George Dusart, John Broadwood and the Worthing connection.
Not many of the houses that stood in Worthing High Street in the 1840’s still stand today, indeed not many of the houses that stood there in the 1940’s survive until our own times. All the more remarkable then that the home of George Dusart ‘professor of music’ and organist at the Chapel of Ease (later St. Paul’s) is one of those few that have been spared demolition. Dusart collaborated with Lucy Broadwood’s uncle, Rev. John Broadwood, in preserving some of the oldest folk songs of Sussex and Surrey. The two men did not always see eye-to-eye on the best way of preserving the tunes: Dusart wanted to ‘correct the errors’ of the rustic singers, while Broadwood insisted they should be notated just as they were sung – the result was a compromise that probably did not fully satisfy either man.
In 1841 Dusart was living with his wife, Mary Ann, whom he married at Broadwater 13 years earlier. By 1841 they had five children, and Mary Ann’s mother, Elizabeth Jefferson was living with them.
Meanwhile, the Rev. John Broadwood was living in some splendour at Bedford House at the north end of Bedford Row. Broadwood had ‘livings’ in both Capel and Worthing, and towards the end of his life was really a ‘gentleman of leisure’, a life made possible by his farming lands, which we can safely assume were directed by a bailiff or manager. John had the time and the means to indulge his interest in the archaic music of the local ‘peasantry.’
By the time of the 1851 census, both men had moved away from Worthing, Broadwood back to Lyne House at Capel, and Dusart to London. However Mrs. Dusart was living with their children in Brighton, while Dusart himself had set up home with one of the family’s servants, by coincidence, also called Mary Ann. Dusart’s young ‘wife’ may have been his undoing as it is recorded he died of heart failure ‘brought on by excitement’ in 1865.

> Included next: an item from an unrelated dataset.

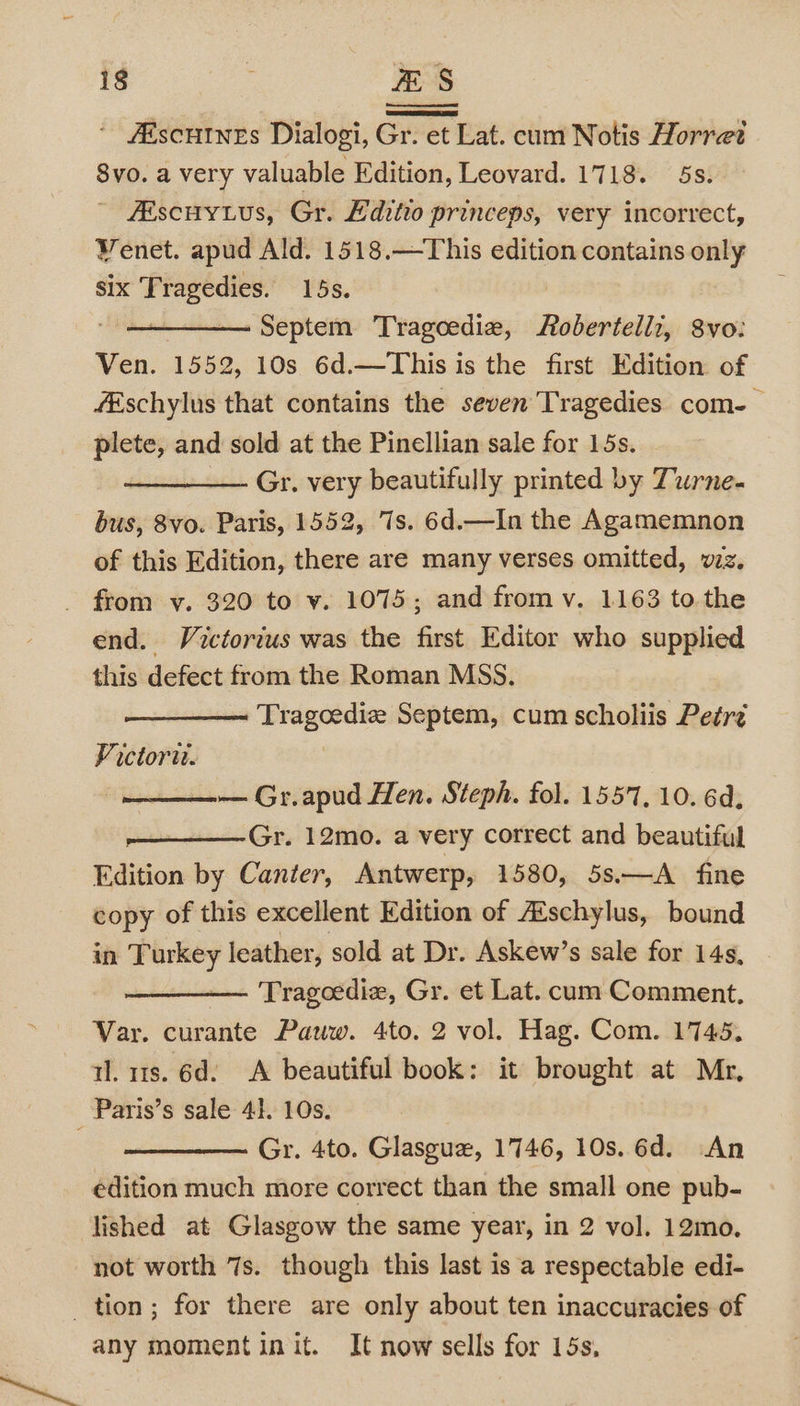 ’ #Escutnes Dialogi, Gr. et Lat. cum Notis Horret 8vo. a very valuable Edition, Leovard. 1718. 5s. - Aiscuy us, Gr. Editio princeps, very incorrect, Venet. apud Ald. 1518.—This edition contains only six Tragedies. 15s. Septem Tragoedie, Robertellz, S8vo: Ven. 1552, 10s 6d.—This is the first Edition of fEschylus that contains the seven Tragedies com-— plete, and sold at the Pinellian sale for 15s. Gr. very beautifully printed by Turne- bus, 8vo. Paris, 1552, 7s. 6d.—In the Agamemnon of this Edition, there are many verses omitted, vz. from v. 320 to v. 1075; and from v. 1163 tothe end. Victorius was the first Editor who supplied this defect from the Roman MSS. Tragoedie Septem, cum scholiis Petré Victor. , — Gr.apud Hen. Steph. fol. 1557, 10. 6d, —— Gr. 12mo. a very correct and beautiful Edition by Canter, Antwerp, 1580, 5s.—A fine copy of this excellent Edition of A’schylus, bound in Turkey leather, sold at Dr. Askew’s sale for 14s, — Tragoedie, Gr. et Lat. cum Comment. Var. curante Pauw. 4to. 2 vol. Hag. Com. 1745. tl. us. 6d. A beautiful book: it brought at Mr, Paris’s sale 41. 10s. Gr. 4to. Glasgux, 1746, 10s. 6d. An édition much more correct than the small one pub- lished at Glasgow the same year, in 2 vol. 12mo. not worth 7s. though this last is a respectable edi- tion; for there are only about ten inaccuracies of any moment init. It now sells for 15s,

His true wife and widow, the first Mary Ann continued to live in Brighton, losing one of her daughters at the early age of seventeen, who, very confusingly, was also called Mary Ann.
Broadwood died at Lyne in 1864, free, it has to be said of any romantic or scandalous entanglements. His niece, Lucy, aged only six at the time, would of course go on to be a leading figure in the folksong revival of the late Victorian and Edwardian eras.